All of this is a preface to a response to the few readers who have steadily complained when I’ve placed links to The New York Times in particular amidst the various items of news and notes that I sometimes run here. When The New York Times came online on a regular basis, I resumed my daily perusal of its articles, and for all of the paper’s many faults – which could warrant a lengthy blognote all its own – it continues to be the best English-language newspaper in the world. When The Times went to a subscription basis online, I had no hesitation about signing up. It’s one of two papers to which I pay subscriptions for online access, the other being The Wall Street Journal, a paper I will stop reading the minute I retire from the day job. But The Times is for life, even if I should forever make fun of the fact that it doesn’t need to have comics because it already has its startlingly dreadful Sunday Book Review section, craven little toy of advertisers that that supplement happens to be. It really doesn’t matter that Thomas Friedman only thinks he’s an expert on foreign affairs or that David Brooks is mostly a buffoon – even tho he’s officially declared my little niche of Chester County (from whence Brooks came) to be “Paradise” – if you missed Ayub Nuri’s op-ed piece Friday before last on internalizing the Iraq war you missed a wonderful, if terribly sad, piece of writing. And an important one. It really is the paper of record, for all of its sins.

An annual subscription to the New York Times online runs me $49.95 per year and gives me significant access to the Times archives as well. If I want to read any one of the 80 articles that mentioned Ezra Pound prior to 1930, I can do so. My subscription comes with the right to download 100 such articles each month. Thus I can come across an unsigned piece from July 2, 1911, entitled Literary Notes from England, that begins

You may care to know that a young American poet, Mr. Ezra Pound, is in this coronation London season in pleasant favor with the “intellectuals” of Mayfair and Belgravia.

$49.95 per year compares with the $273 I pay annually for the Philadelphia Inquirer to be delivered to my door, the $514.80 that New Yorkers pay for daily delivery of the paper hardcopy (which does, by the way, include online access) or the $644.80 it would cost me to have the Times delivered to this Chester County, Pennsylvania address. Most newspapers today still come for free online, something I do expect to change over the next five years. Would I pay for the Inky, as we locals call our rag, online? Maybe not, or if I did it would be because I was dropping the hard copy. Of the other papers I read online more or less on a daily basis – the San Francisco Chronicle, Los Angeles Times, Washington Post, the Guardian of London (formerly Manchester) – only the Post has a shot of getting my money if it starts to charge for online access.

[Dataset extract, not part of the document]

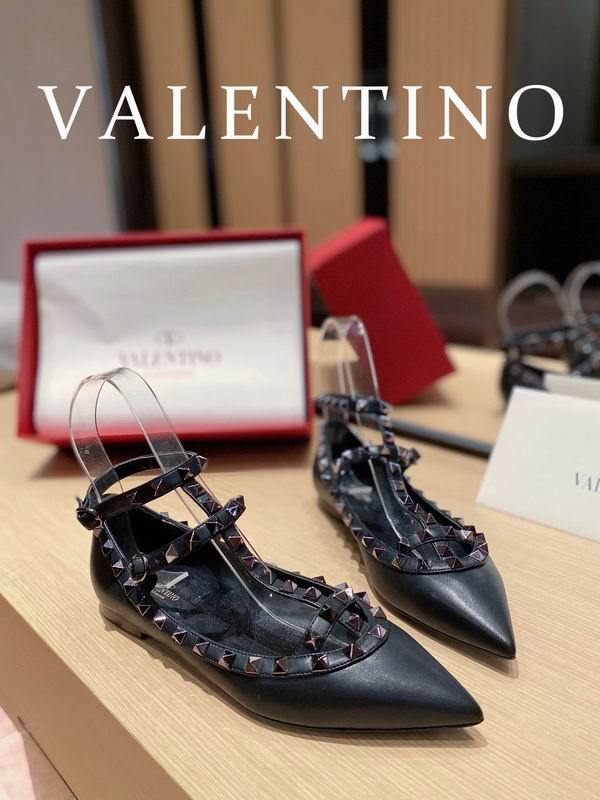 Valentino Women's Shoes 420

This is not because I really need to know that an anonymous Times writer once thought, in a somewhat condescending fashion, that Ezra Pound had not written any suitable “coronation verse” to mark the ascension of George V, but rather because I choose – as I have always chosen – to engage with the world at large, a process for which the Times is one – among many – useful tool.

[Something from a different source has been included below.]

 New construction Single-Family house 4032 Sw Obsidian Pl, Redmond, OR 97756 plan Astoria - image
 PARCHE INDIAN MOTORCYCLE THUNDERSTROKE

I have concluded that any reasonable person who can afford internet access plus maybe 3 CDs (or two nights out at the movies with a friend or partner) per year can afford the Times online. So I am not going to note when I link to a piece in the Times with a little “subscription required” addendum or whatever. If you link to a site you cannot access, you ought to register that irritation internally at least. It’s not a distinction I would make with the Wall Street Journal – I don’t run links to its articles¹ – and I admit that I too find myself irked by those moments of access when I find myself cut off from an article in the Chronicle of Higher Education, The Economist or the counter-intuitively named Project Muse. I subscribed to the Chronicle when I was a college administrator, and would do so again if I worked in a school. And I find the idea of keeping intellectual discussion of contemporary (or other) literature behind lock & key at Project Muse all too clear a reason why debunking the idea that refereed journals and academic protocol have anything to do with poetry or poetics is a valid, even important project.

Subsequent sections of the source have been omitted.